Deadly storm sweeps across Greece, PM postpones keynote speech

By Angeliki Koutantou and Louisa Gouliamaki

ATHENS (Reuters) -At least six people have died and more than six were still missing on Thursday after storm Daniel swept across central Greece, triggering landslides, destroying roads and bridges and carrying away dozens of cars.

Prime Minister Kyriakos Mitsotakis postponed an annual economic speech scheduled for this weekend and will instead visit areas hit since Monday by torrential rain that has flooded homes and destroyed key infrastructure, including power poles.

"The state mechanism's absolute priority right now is the rescue and evacuation of people from the areas affected," government spokesman Pavlos Marinakis told a press briefing.

"Our country is facing for the third day a phenomenon unlike any other we have seen in the past," Marinakis said, before announcing that the recently re-elected leader's main economic policy speech would be held in the middle of next week instead of Saturday.

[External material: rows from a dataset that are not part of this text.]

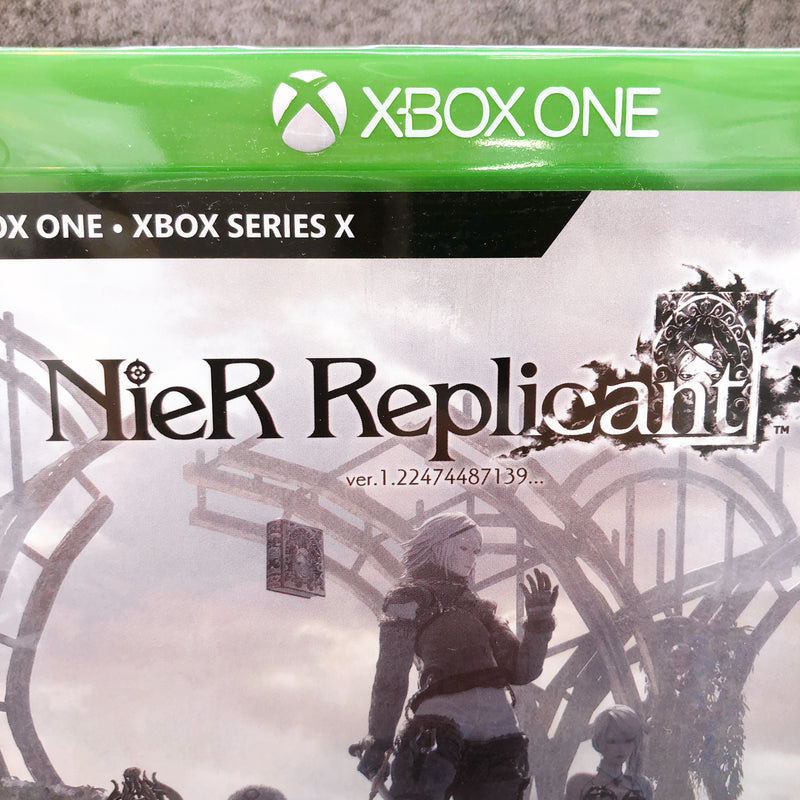 Xbox Series X / One Nier Replicant Microsoft Square Enix Game Sealed New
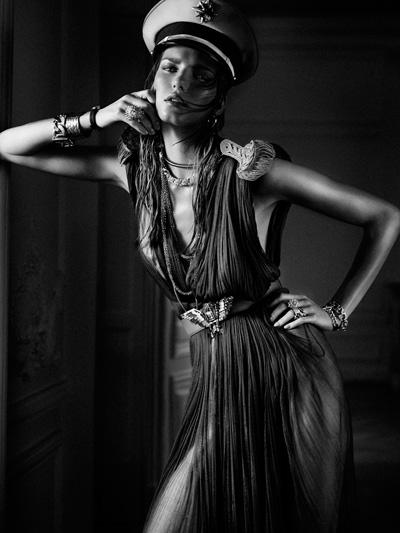 Marique Schimmel by Hunter & Gatti for Vogue Spain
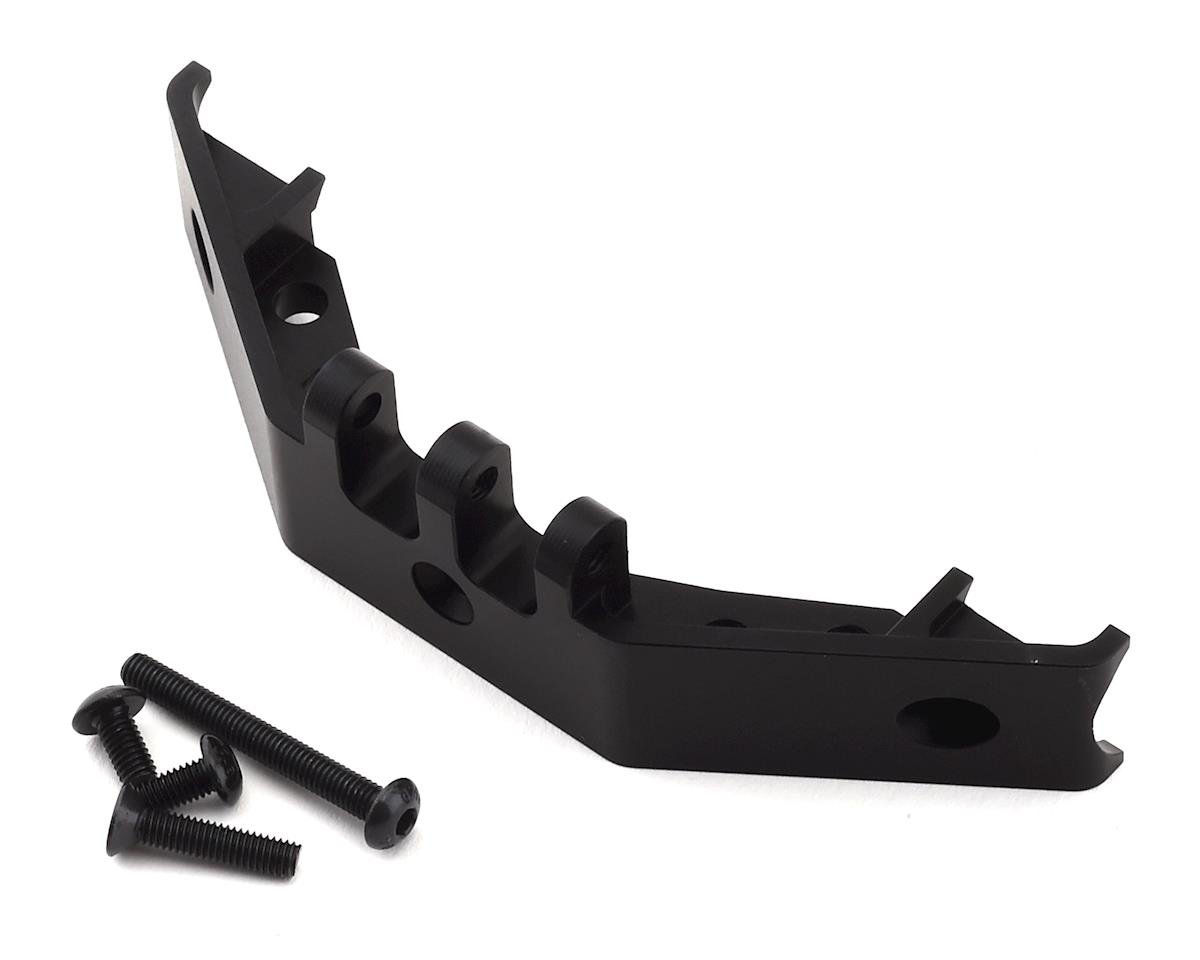 SSD RC HD D60 Centered Rear Axle Aluminum Upper Mount (Black) (SSD00282)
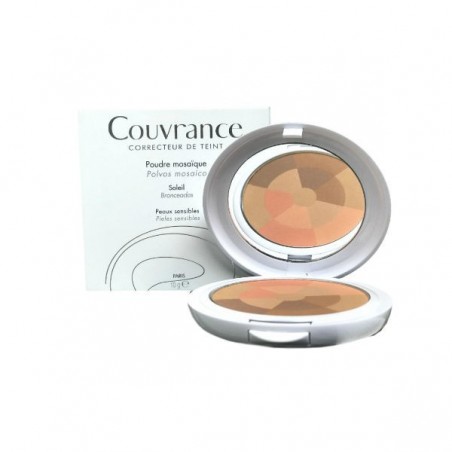 Comprar avene couvrance polvos mosaico bronceadores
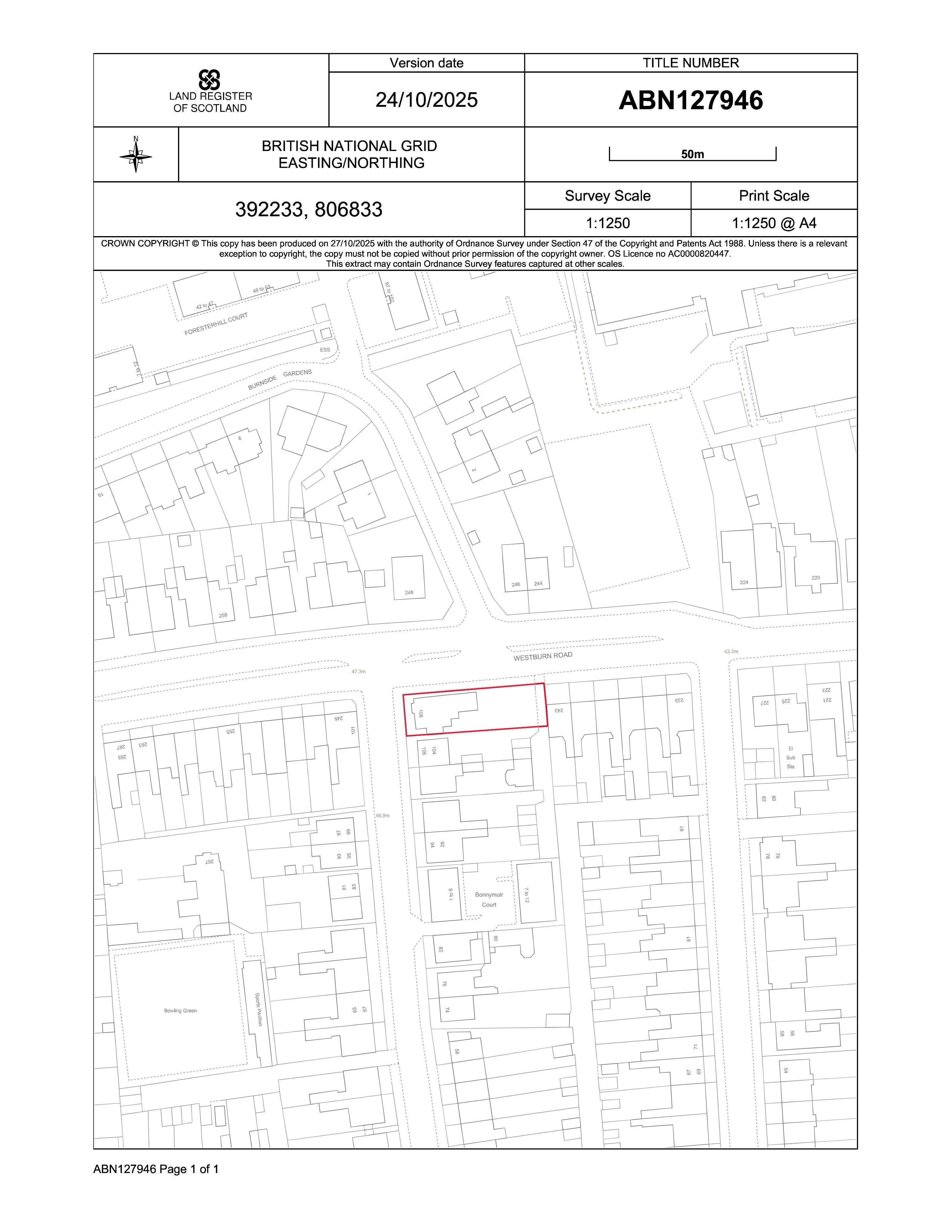Planning document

The mainland port city of Volos, the surrounding mountainous Pelion area and the cities of Karditsa and Trikala were among the worst-hit areas.

Heavy rainfall, which came days after a two-week deadly wildfire died out in the north and authorities said was the most extreme on record, has turned many villages in the low-lying area of Karditsa, in the mainland Thessaly plain, into a lake.

Civil Protection Minister Vassilis Kikilias said during a press briefing on Thursday that six people had been reported missing in the area of Karditsa.

The fire brigade said the bodies of two elderly women were recovered from a house at the community of Astritsa near Karditsa on Thursday. The body of a man had been found in the town of Domokos earlier in the day.

HOUSES SUBMERGED

Reuters footage showed houses submerged in flood water in the Trikala region.

In the town of Palamas, near Karditsa, dozens of people were trapped inside their flooded residences, Mayor Giorgos Sakellariou, told Open television. Residents speaking to local media called for help and for food supplies.

A fire brigade helicopter airlifted people from the village of Agia Triada, where at least 20 people had been trapped, the government said.

Since Tuesday, 820 people have been evacuated across the country, 750 of them in the Thessaly region.

A fire brigade official said that emergency crews assisted by the army and coastguard used lifeboats in an effort to reach the storm-hit villages in Karditsa, where water was 2 metres (6.5 feet) deep.

"Operations are been carried out very carefully as flood debris obstructed the boats, while, in other cases, the power of the water does not allow us to approach," fire brigade spokesperson Vasilios Vathrakogiannis told a briefing.

Crews will continue going from door to foor to rescue people throughout the night, while 3,000 food portions and water will be handed out across Karditsa and Trikala, Kikilias said in a statement late on Thursday.

The European Union has been in contact with Greece to mobilise support, EU Commission head Ursula von der Leyen said on platform X, formerly known as Twitter.

British travel company Jet2 said on Wednesday it was cancelling all flights and holidays to the Aegean island of Skiathos, the closest to Volos, up to Sept. 12 due to the weather.

Flash floods in Greece in 2017 killed 25 people and left hundreds homeless.